The above corporation (hereinafter referred to as the "Corporation" existing
pursuant to the Indiana Business Corporation Law, desiring to give notice of
corporate action effectuating the restatement of its Articles of Incorporation.
sets forth the following:

                             ARTICLE I - RESTATEMENT

SECTION 1: The date of incorporation of the Corporation:

             September 29, 1972

 SECTION If: The name of the Corporation following this restatement:

             Sweitzer's Offset Services, Inc.

 SECTION III: The exact test of the Restatement of Articles of Incorporation is 
              attached as "Exhibit A".

     ARTICLE 11 - MANNER OF ADOPTION AND VOTE (Strike inapplicable section)

 SECTION 1: <#>The restatement does not contain an amendment requiring 
            shareholder approval and the board of directors adopted the 
            restatement.</#>

SECTION III:The restatement contains an amendment requiring shareholder
            approval and the vote is set forth below:
   /x/      VOTE OF SHAREHOLDERS 
            The designation (i.e. common, preferred and any classification where
            different classes of stock exists), number of outstanding shares,
            number of votes entitled to vote separately on the amendment and the
            number of votes of each voting group represented at the meeting is
            set forth as follows:




                                                         TOTAL     A     B     C
                                                                  

DESIGNATION OF EACH VOTING GROUP                                 Common

                                                                  Stock

NUMBER OF OUTSTANDING SHARES                              100      100

NUMBER OF VOTES ENTITLED TO BE CAST                       100      100

NUMBER OF VOTES REPRESENTED AT THE MEETING                100      100

SHARES VOTED IN FAVOR                                     100      100

SHARES VOTED AGAINST                                        0


   / /  The number cast for the amendment by each voting group was sufficient
        for approval by that voting group.

        In Witness Whereof, the undersigned being the Vice President

                                             (Title)
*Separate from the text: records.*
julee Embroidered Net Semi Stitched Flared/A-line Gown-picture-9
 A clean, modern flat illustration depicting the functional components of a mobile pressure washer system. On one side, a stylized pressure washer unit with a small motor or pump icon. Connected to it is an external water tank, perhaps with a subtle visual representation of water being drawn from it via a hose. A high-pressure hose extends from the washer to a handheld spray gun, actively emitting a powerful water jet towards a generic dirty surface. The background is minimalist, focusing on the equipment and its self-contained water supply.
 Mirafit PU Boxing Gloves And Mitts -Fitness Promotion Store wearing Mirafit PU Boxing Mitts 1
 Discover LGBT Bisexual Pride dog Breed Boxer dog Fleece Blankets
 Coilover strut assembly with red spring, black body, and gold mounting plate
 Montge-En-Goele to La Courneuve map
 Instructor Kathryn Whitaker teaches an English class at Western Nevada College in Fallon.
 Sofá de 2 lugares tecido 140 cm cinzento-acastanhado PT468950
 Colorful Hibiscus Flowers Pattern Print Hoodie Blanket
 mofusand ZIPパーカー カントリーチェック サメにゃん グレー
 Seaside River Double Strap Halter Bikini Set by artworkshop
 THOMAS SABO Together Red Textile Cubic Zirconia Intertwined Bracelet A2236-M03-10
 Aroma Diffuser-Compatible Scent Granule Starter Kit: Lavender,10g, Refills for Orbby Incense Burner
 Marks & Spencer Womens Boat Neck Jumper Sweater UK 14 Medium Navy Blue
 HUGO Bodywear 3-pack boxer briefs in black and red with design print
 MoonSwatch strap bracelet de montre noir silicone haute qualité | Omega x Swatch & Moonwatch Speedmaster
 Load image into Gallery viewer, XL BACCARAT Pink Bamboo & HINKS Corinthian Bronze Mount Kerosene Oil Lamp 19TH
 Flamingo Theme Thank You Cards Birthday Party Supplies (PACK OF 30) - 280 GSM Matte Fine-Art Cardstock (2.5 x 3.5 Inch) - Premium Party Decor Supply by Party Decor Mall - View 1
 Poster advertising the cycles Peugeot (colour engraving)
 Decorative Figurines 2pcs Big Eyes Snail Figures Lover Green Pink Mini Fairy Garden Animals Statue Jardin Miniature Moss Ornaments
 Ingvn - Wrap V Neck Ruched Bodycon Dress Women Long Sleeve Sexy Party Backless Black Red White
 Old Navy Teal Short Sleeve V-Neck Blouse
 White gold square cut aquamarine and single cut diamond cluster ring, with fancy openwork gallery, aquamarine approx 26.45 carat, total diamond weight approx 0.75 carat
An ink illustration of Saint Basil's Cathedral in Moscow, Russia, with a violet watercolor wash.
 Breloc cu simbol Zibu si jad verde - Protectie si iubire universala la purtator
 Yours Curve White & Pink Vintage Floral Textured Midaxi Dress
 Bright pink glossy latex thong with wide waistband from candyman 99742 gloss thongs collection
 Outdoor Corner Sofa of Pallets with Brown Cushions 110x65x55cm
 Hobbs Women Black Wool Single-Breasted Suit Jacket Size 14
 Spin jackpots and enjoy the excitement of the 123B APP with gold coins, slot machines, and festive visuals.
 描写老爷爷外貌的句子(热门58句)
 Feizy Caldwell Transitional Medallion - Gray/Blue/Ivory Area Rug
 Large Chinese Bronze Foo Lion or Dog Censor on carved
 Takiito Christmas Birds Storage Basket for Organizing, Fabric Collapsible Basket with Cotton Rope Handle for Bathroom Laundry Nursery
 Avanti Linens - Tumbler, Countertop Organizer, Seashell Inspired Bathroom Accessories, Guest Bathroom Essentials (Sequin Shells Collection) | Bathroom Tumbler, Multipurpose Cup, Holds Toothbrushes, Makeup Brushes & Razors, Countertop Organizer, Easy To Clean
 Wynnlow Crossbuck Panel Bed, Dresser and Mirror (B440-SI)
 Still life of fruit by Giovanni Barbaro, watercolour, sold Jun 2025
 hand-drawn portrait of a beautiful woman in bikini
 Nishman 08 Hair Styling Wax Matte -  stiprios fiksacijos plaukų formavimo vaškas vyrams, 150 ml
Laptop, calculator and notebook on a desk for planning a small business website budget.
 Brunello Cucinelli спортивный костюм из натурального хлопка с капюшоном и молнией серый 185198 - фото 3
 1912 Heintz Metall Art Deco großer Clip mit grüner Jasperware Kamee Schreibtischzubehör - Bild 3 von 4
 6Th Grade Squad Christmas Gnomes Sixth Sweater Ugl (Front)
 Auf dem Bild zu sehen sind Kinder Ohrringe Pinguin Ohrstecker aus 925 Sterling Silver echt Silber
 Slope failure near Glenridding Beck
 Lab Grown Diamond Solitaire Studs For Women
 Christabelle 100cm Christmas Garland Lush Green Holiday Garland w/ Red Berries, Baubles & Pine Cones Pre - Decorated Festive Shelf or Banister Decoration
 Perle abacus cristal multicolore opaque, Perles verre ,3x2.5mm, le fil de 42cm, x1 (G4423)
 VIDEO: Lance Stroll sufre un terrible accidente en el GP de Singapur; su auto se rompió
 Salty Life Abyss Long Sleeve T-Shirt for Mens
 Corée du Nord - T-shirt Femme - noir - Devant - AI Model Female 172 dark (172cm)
        of said Corporation executes this Restatement of Articles of 
        Incorporation and verifies, subject to penalties of perjury, that the
        statements contained herein are true, this    25 th day of September
        1998



     SIGNATURE                            PRINTED NAME

      /s/  Kathleen M. Delaney               Kathleen M. Delaney, Vice President
      ----------------------------



                                                                       EXHIBIT A


                              AMENDED AND RESTATED
                            ARTICLES OF INCORPORATION
                                       OF

                        SWEITZER'S OFFSET SERVICES, INC.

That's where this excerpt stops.